本発明の実施形態に係るシャワー装置1を例示する模式図である。 散水孔4pの配置を例示する模式平面図である。 シャワー装置1の構成を例示する模式断面図である。 本実施形態と対比される比較例に係るシャワー装置100における散水孔4pの配置を表した模式平面図である。 比較例に係るシャワー装置100の散水部4内の状況を表した模式断面図である。 本実施形態に係るシャワー装置1における散水孔4pの配置を例示する模式平面図である。 本実施形態に係るシャワー装置1の散水部4内の状況を表した模式断面図である。 シャワー装置1の他の構成を例示する模式平面図である。 散水部4の他の構成を例示する模式平面図である。 (a)は、散水部4の内部空間の厚さWが一定であるラジアル型シャワー装置を例示する模式断面図であり、(b)は、(a)に表したシャワー装置を用いた場合の、散水部4内の流速を例示した模式グラフ図である。 散水部4を例示する模式断面図である。
符号の説明
1 シャワー装置、2 絞り部、2a 開口、噴射口、3 空気混入部、3a 開口、4 散水部、4a 散水面、4b 散水板、4c 対向面、4p 散水孔、4pd 下流側散水孔、4ps 小孔、4pu 上流側散水孔、4s 界面、50 斜面、100 シャワー装置、200 水、気泡水、A 矢印(水の流路)、B 矢印(空気の流路)、L1、L2、L3、L4 距離、P、P1、P2 線分、S 給水路、T 給水受け部、W 厚さ

Claims (4)

  1. 水を通す給水路と、
    前記給水路に設けられ、前記水に空気を混入する空気混入部と、
    前記空気混入部の下流側に設けられ、前記空気を含んだ水である空気含有水を吐出する複数の散水孔を有する散水部と、
    を備え、
    前記散水部は、前記空気混入部から第1の距離にある第1の散水孔と、前記空気混入部から前記第1の距離よりも大なる第2の距離にある第2の散水孔と、前記空気混入部から前記第1及び第2の距離よりも大なる第3の距離にある第3の散水孔と、を有し、
    前記第1、第2及び第3の散水孔のそれぞれは、前記散水部における前記空気含有水の進行方向である水流方向の直線上において、前記第1、第2及び第3の散水孔のうちの他のいずれとも重ならないように配置されていることを特徴とするシャワー装置。

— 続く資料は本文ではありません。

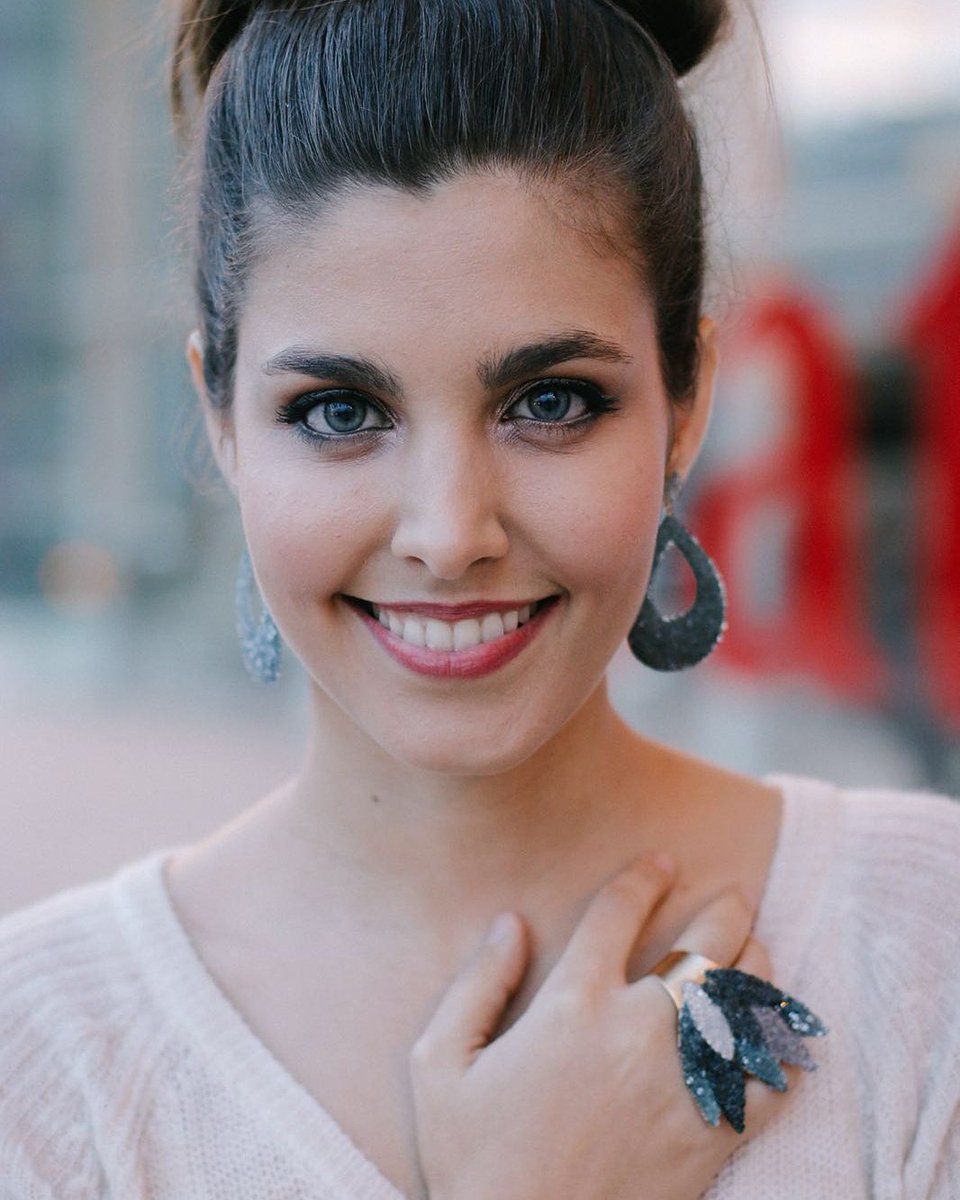 VSBarcelona's tweet photo. Irresistible @AidaFlix ❤ en @080_bcn_fashion https://t.co/X0DaBYq68m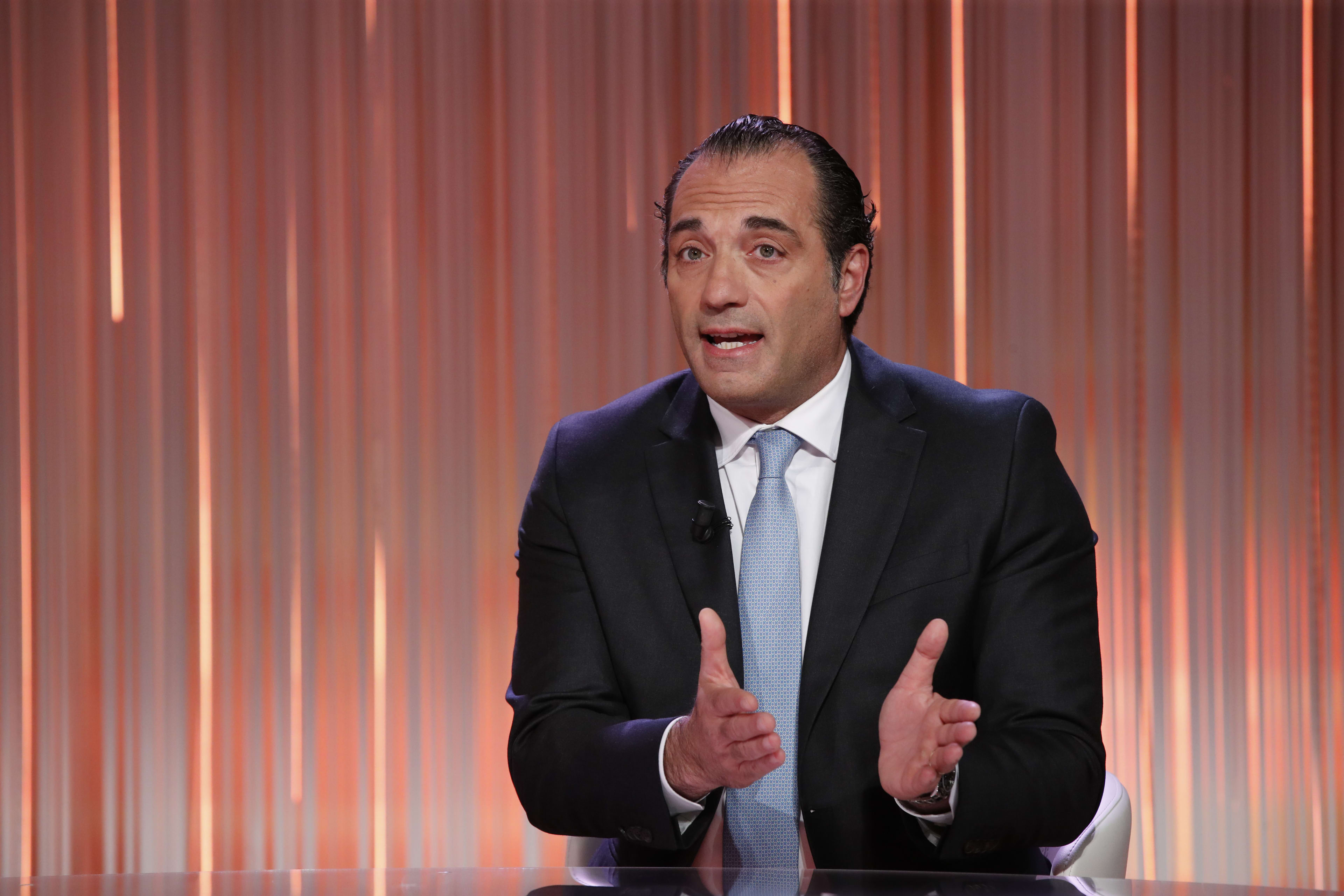 Auto Industry Leaders: Ford Stellantis GM CEOs testify for the First Time Since 2008 4 antonio filosa guest on the television program cinque minuti 997267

  2. 前記第1の距離は、前記空気混入部から前記複数の散水孔までの距離のうちの最も小さい距離であり、
    前記第2の距離は、前記空気混入部から前記複数の散水孔までの距離のうちの2番目に小さい距離であり、
    前記第3の距離は、前記空気混入部から前記複数の散水孔までの距離のうちの3番目に小さい距離であることを特徴とする請求項1記載のシャワー装置。
  3. 前記空気混入部の上流側に設けられ、前記水の流路断面積を減らして前記水を吐出することにより前記水流方向を規制する絞り部をさらに備えたことを特徴とする請求項1または2に記載のシャワー装置。
  4. 前記散水部の内部空間の厚さは、前記空気混入部から遠ざかるにつれて小さくなることを特徴とする請求項1〜3のいずれか1つに記載のシャワー装置。